# release help



## archerykid13 (Aug 11, 2009)

I would look at any two finger BT. They would probably be pretty close to the right size. They don't make a youth BT to my knowledge.

Jake


----------



## N7709K (Dec 17, 2008)

Truball offers the HT in small sizes for smaller people.

http://www.truball.com/HT.html

He could also get a smaller 3 finger bt and shoot it as a 4 finger.


Carter is another good place to look for smaller releases


----------



## 12-RING SHOOTER (Jul 27, 2010)

Carter makes a few, if he is looking for a hinge type release, which is a release with no safety, then look at the Carter ONLY in small size, i shot one of these, its an awesome release to start with, i still use it as a backup, another one is by scott, the scott longhorn mini pro-advantage, and another one is the scott babyhorn, all of these are smaller release, the mini pro-advantage is made of brass, which makes it relatively heavier, which makes it feel more secure.

and carter makes some thumb trigger like the Fits Me. 

My opinion is to start him on a release with a safety.

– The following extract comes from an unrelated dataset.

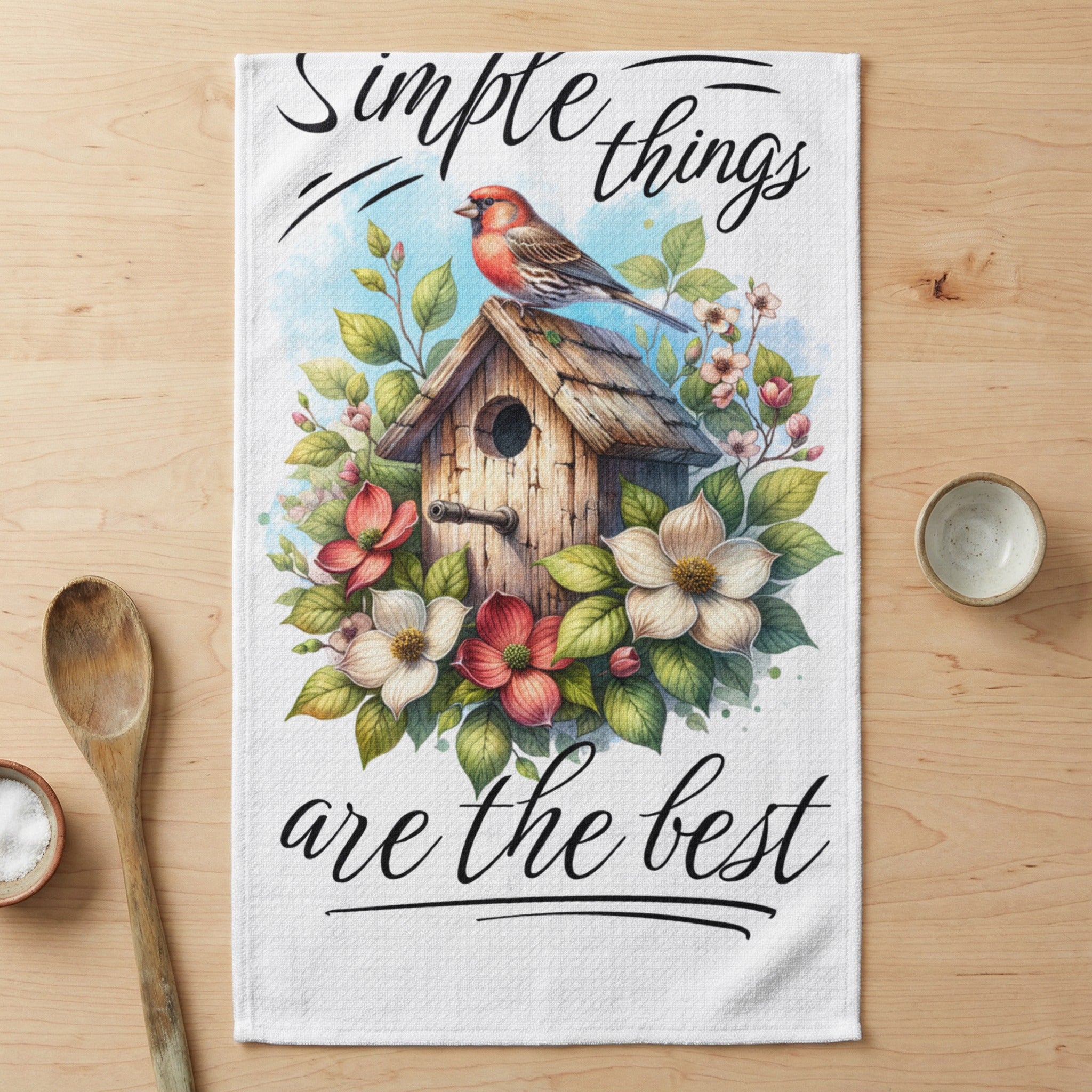 Towel with birdhouse, flowers, bird, and text "Simple things are the best".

Carter makes one called the Evolution, I started with one. But with a smaller hand like him, i would get him the mini evolution.


----------



## Ignition kid (Oct 7, 2008)

I don't know much about BT's or thumb releases but TRU Fire has a 3 finger thumb release that I believe is only $50, and you can have the thumb adjusted to be either a push release or a pull release.


----------



## Mathewsju (Jan 19, 2008)

not sure about thumb releases but truball has HT's in size small. and scott has mini/babyhorns too


----------



## outdoorsman193 (Nov 20, 2008)

look at zenith too for BT, besides tru ball. they make all kinds of sizes. as for a thumb, carter or stan. stan's are nice but a little chunk of change. I personally shoot a tru ball st 360 x and love it. its smaller but not too small


----------



## zenarch (Aug 3, 2002)

sanpeter said:


> My son is 10 and he wants to start shoot a BT or thumb release. what are some of the releases out there that would fit in his hand.
> thanks


The Zenith Lil Guy 3+ and 4+ were designed specificaly for young archers and women with small hands. They are pure hinge releases with no safety other than the clicker and are very comfortable in the hand. The head is spring loaded as well to make them easier to cock and hook to the loop and they sell at a very fair price too.
Joe B. www.zenitharchery.com


----------



## s4 shooter (Aug 15, 2008)

try looking at a carter evolution 
so he can get the backtenison feel then 
try looking at a tru ball HT in one of the small sizes


----------